New department brings new care to CMMC

Jenny Gessaman

Pattie Carr, left, and Dana Smart, right, sit in CMMC’s old ER Tuesday afternoon. The space will soon serve as the office for the new Care Coordination Department.
Photo by Jenny Gessaman

There’s a new department at the Central Montana Medical Center, and although it’s not bringing in any new physicians, it is bringing in a new level of care. That’s the goal of Pattie Carr and Dana Smart, CMMC’s new care coordinators, and of the Care Coordination Department.

This new addition aims to help chronically ill patients who rely on regular medical visits, but it won’t stop at the hospital: The Care Coordination Department hopes to makes patients’ lives generally healthy, too.

Smart explained care coordinators take a comprehensive look at patients, reviewing treatments with any and all doctors, nurse practitioners and other medical providers. In addition, the coordinators look at the patients’ lives to identify any outside factors affecting their health, including economics, education and even the infrastructure where patients live.
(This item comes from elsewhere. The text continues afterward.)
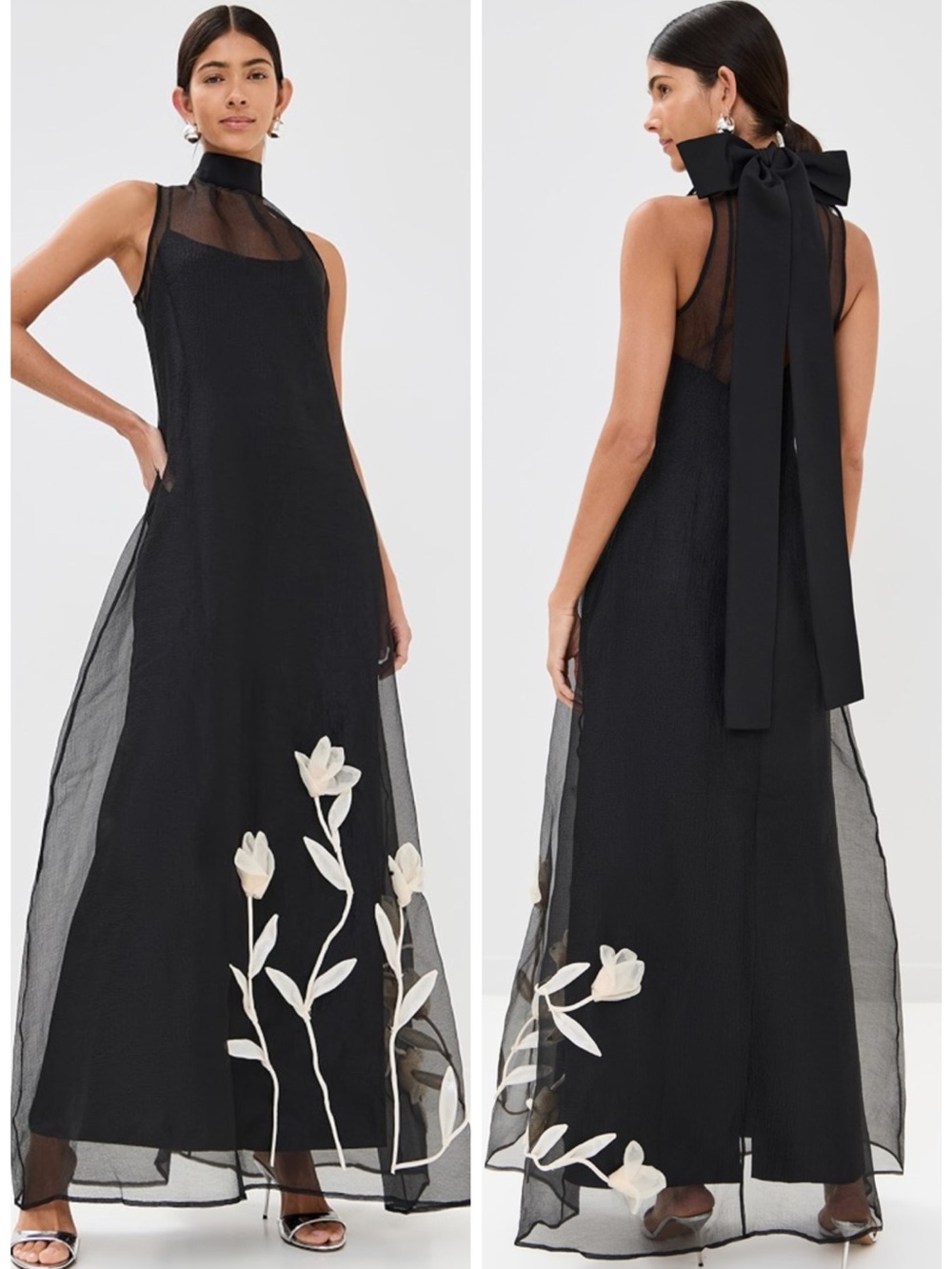 STAUD Albee Maxi Dress Gown Black Floral SZ XS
“In the past, in traditional medicine, you just went to the doctor when you were sick,” she said.

Now, the new department will work to create management plans to keep patients out of the ER and healthier in general. In short, Smart said, the care can happen when a person isn’t sick.


Pieces of a puzzle

Despite being in the same department, and having similar job descriptions, Smart and Carr are two different halves of one comprehensive whole.

Smart’s job came about because of the hospital’s involvement with CPC+, a federal program aiming to improve patient management and care for clients on Medicare. The program deals with providers and payments, but emphasizes coordination across a patient’s providers, and care that considers health influences beyond medications and doctor’s visits.
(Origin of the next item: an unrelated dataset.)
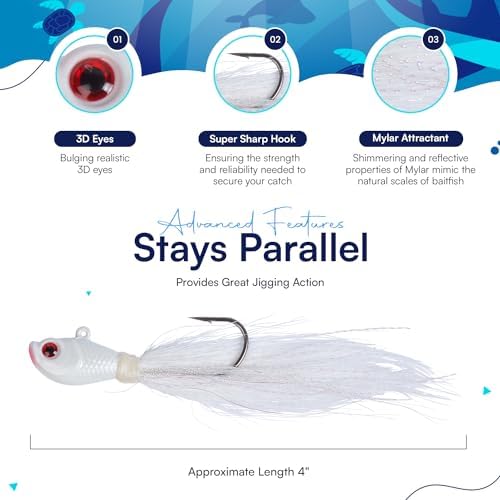 Bucktail Jigs 3 Pack – Hand-Tied Bucktail Hair Fishing Lures | Unique Gliding Head | Saltwater & Freshwater | Striper, Bass, Flounder, Walleye, Fluke | Multiple Weights Available - Image 4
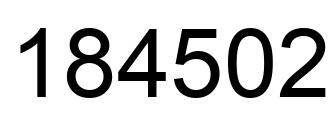 Number 184502 black image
Carr’s care coordinator title came from a three-year federal grant meant to improve the quality of small rural hospitals. Doris Barta wrote the grant application for CMMC, and was hired to be its program director when CMMC was selected as one of the 23 hospitals across the nation to receive award monies.

She explained Carr would help a more limited group of patients.

“For the quality improvement grant, initially the patient either needs to be diabetic or have hypertension or other cardiovascular disease issues,” she said, adding, “But they don’t have to have both, they can have either.”

Barta explained the similar goals of the two programs made them a great combination for the new department.

“They’re two separate programs, but they have basically the same ultimate goal,” she said. “That is to provide improved access to health care services, and to improve the patient’s experience with receiving those services.”


Seeing the big picture

So how do two different things make one department that coordinates ... well, lots of things?

Carr and Smart explained that the combination of their backgrounds and their different programs created a comprehensive resource for patients.

Carr covers patients from nine counties with specific chronic illnesses. Smart covers only CMMC patients, but where they’re from or what the illnesses are doesn’t matter.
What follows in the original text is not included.